レナンジェスは思わず呟く。そこは南 明日香として暮らしていた地球だったからだ。


『逃がさないわよ!!』


背後で転移してきた肉食系女子の群れが2人を追いかけてくる。


「どうします?」


レナンジェスは恐る恐る武司に問い掛ける。


「性愛の神に助けを求めるんだ」


武司はそう叫びながらとある神社に入って行った。


「あの…エロース神社って…」


「性愛の神エロースの神社だよ。
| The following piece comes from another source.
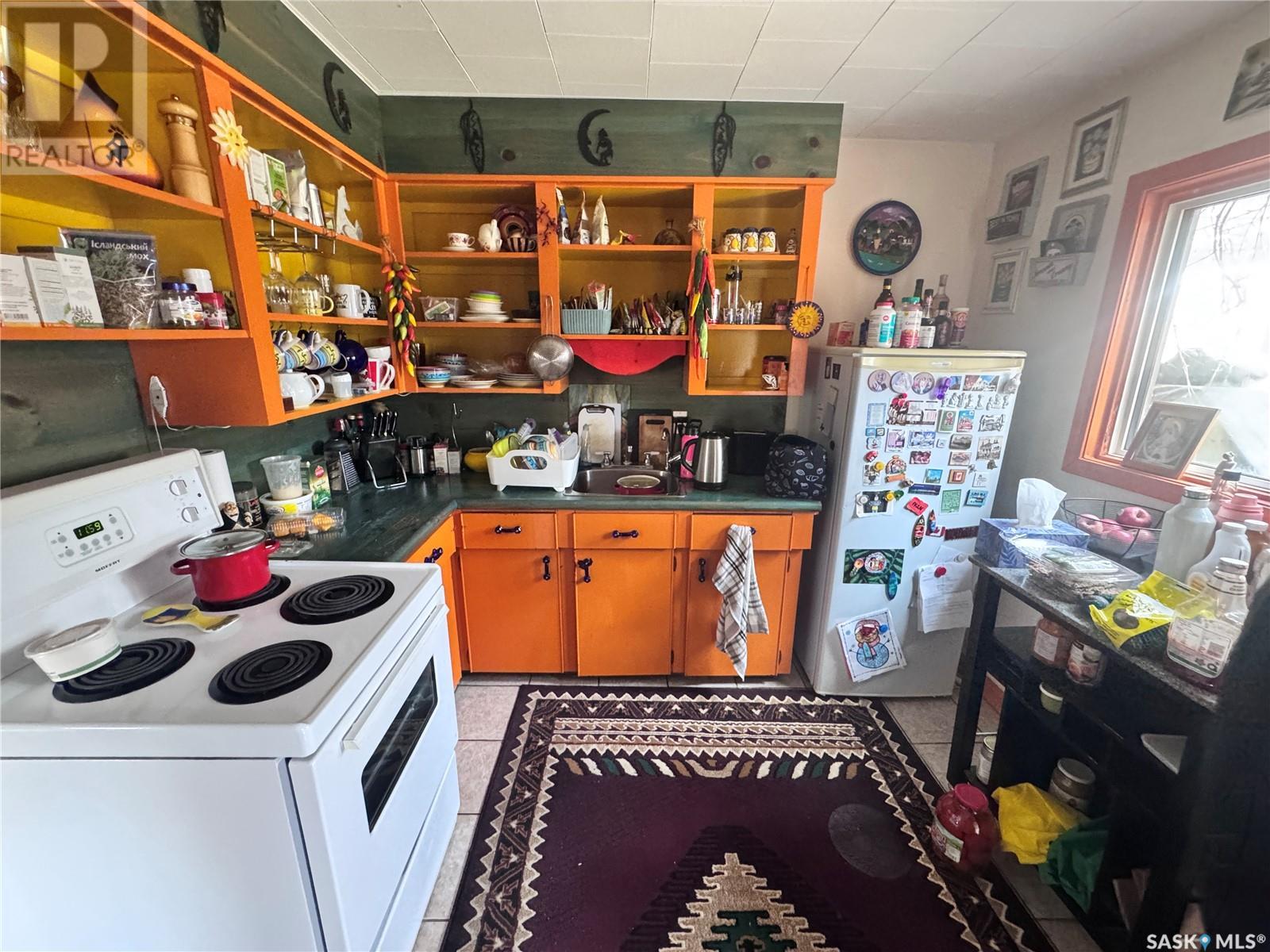 Photo 3 of 302 9th Street, Humboldt SK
エロース、助けて!」


武司がそう叫ぶと神社の社からイケメンな西洋人風の男が現れる。


「また楽しそうだねぇ」


「頼む…このままでは肉食系女子に襲われる!」


「何時もの事じゃないか」


エロースは笑いながらそう言うと青い光を肉食系女子の群れに放つ。すると…R18的に女子達を撃退した。


「まさか…一瞬でオルガズムにするとは…」


レナンジェスは驚愕する。


「おや、君は異世界人だね」


エロースは満面の笑みで言う。


「実は…」


レナンジェスは今までの経緯を説明する。


「なるほどね。だったらファンタジアに戻って時空の神に頼めばいいと思うよ」


エロースは微笑みながら言う。


「何処にいらっしゃいますか?」


「神の国だね。武司に連れて行って貰いなよ」


「えぇ~、面倒だなぁ」


「今助けたじゃん。それに元とはいえ女子の願いは聞いてあげたいな」


エロースは相変わらず微笑みながら言う。


(本当に神様?私はTSを話していないのに…)


「話さなくても過去は見えるよ。努力家で愛情深い君の姿もね。しかし自分を偽っている。君はハーレムを作りたいんじゃない。転生前に恋したゲームの女性キャラだけが本当に好きなんだ。それと男もね」


エロースはそう言うと楽しそうに笑う。


(転生前に好きだった女性キャラに恋をした?そう言えば…)


不意に転生前に思い入れが強すぎて百合的想像をしたキャラの顔が思い浮かぶ。しかし転生前はそれに嫌悪感もあった。


(私はハーレムが作りたいのではないのか…)


エロースの言葉で悪役令嬢に対する想いを思い出すレナンジェスであった。